Short text fragments from websites:
________________________

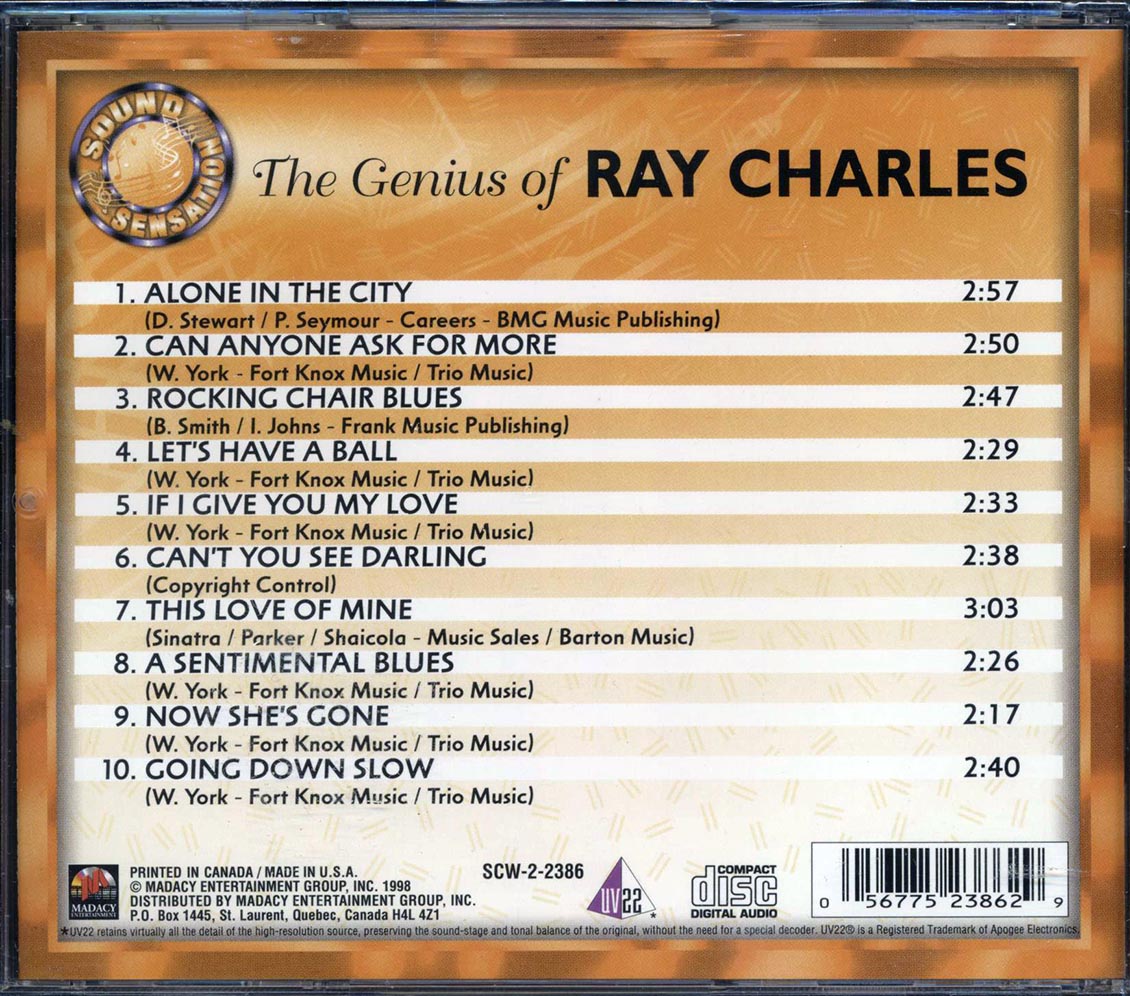 Ray Charles - The Genius Of Ray Charles - CD, CD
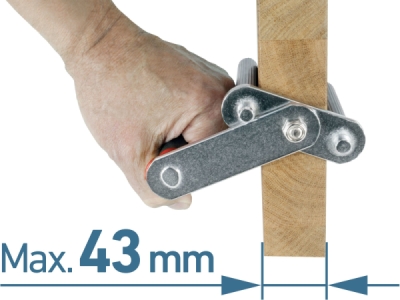 EXTOL PREMIUM 8863108 nosič desek kovový, sada 2ks, nosnost až 80kg/pár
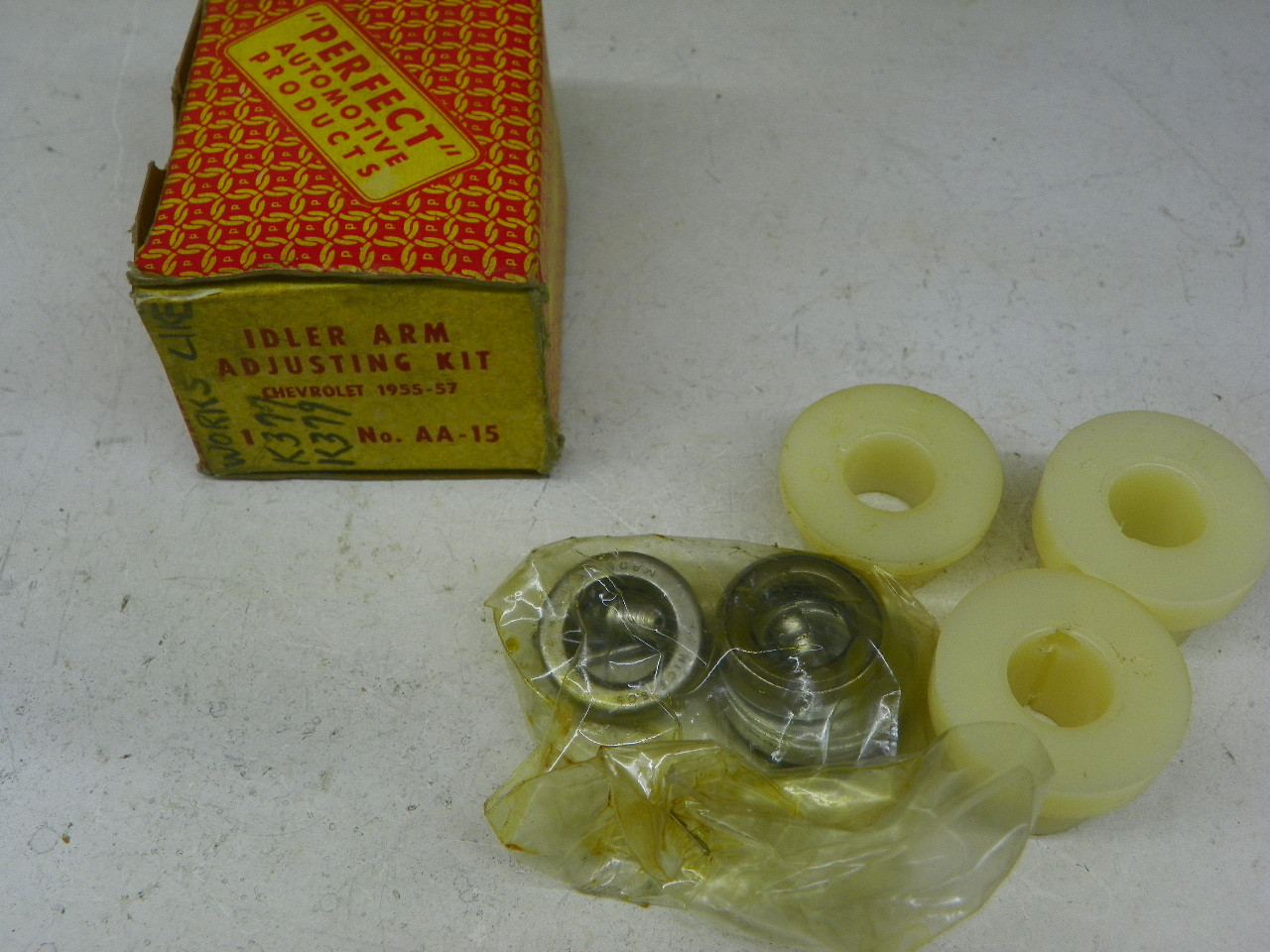 Perfect AA-15 Idler Arm Adjusting Kit for 1955-1957 Chevrolet Tri-Five restoration. - Image 1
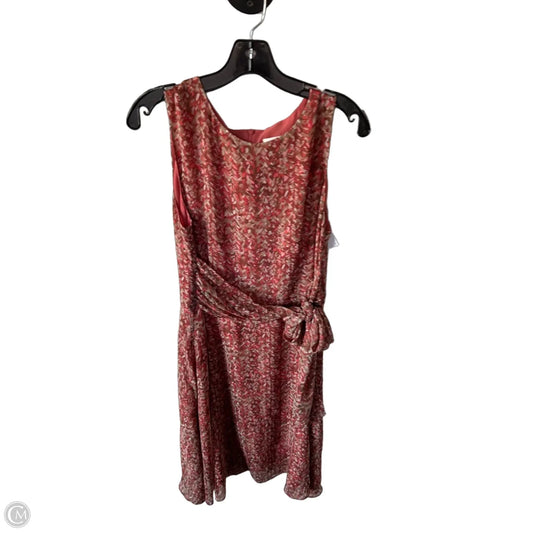Dress Casual Midi By Atelier In Orange & Tan, Size: L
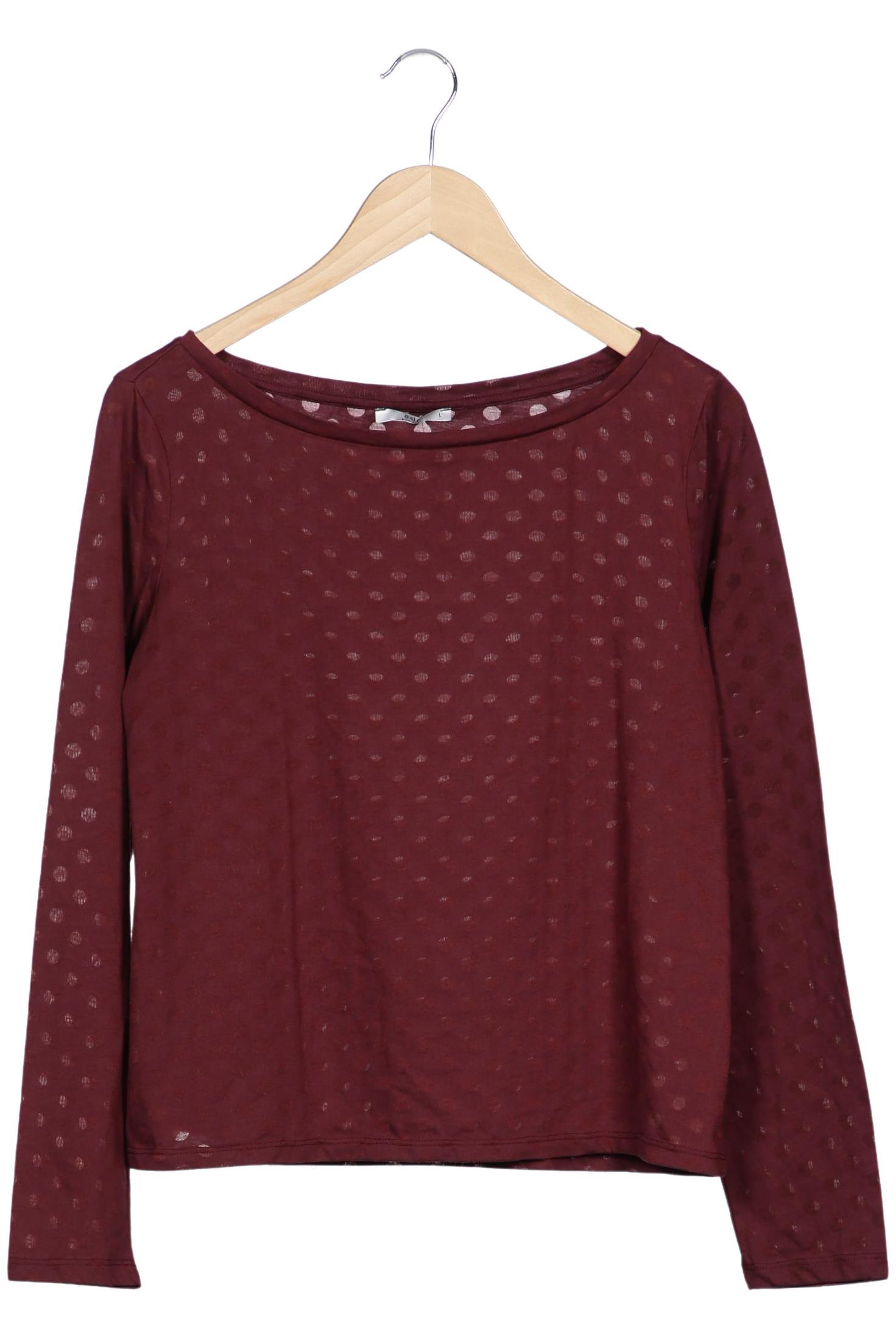 

edc by Esprit Damen Langarmshirt, bordeaux, Gr. 42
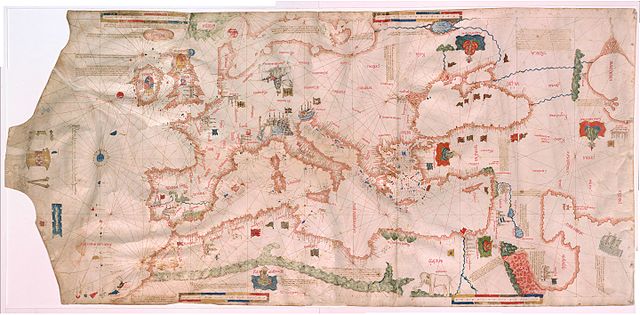 1455_Nautical_Chart_by_Bartolomeo_Pareto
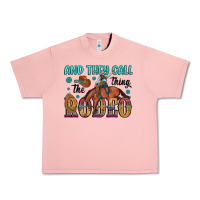 Salmon and they call the thing rodeo Urban Heavy Tee - Artiststas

________________________

▶ Instructions for the task: Line by line, transcribe the records exactly, omitting the images.

▶ Response for this exercise:
 Ray Charles - The Genius Of Ray Charles - CD, CD
 EXTOL PREMIUM 8863108 nosič desek kovový, sada 2ks, nosnost až 80kg/pár
 Perfect AA-15 Idler Arm Adjusting Kit for 1955-1957 Chevrolet Tri-Five restoration. - Image 1
Dress Casual Midi By Atelier In Orange & Tan, Size: L

edc by Esprit Damen Langarmshirt, bordeaux, Gr. 42
 1455_Nautical_Chart_by_Bartolomeo_Pareto
 Salmon and they call the thing rodeo Urban Heavy Tee - Artiststas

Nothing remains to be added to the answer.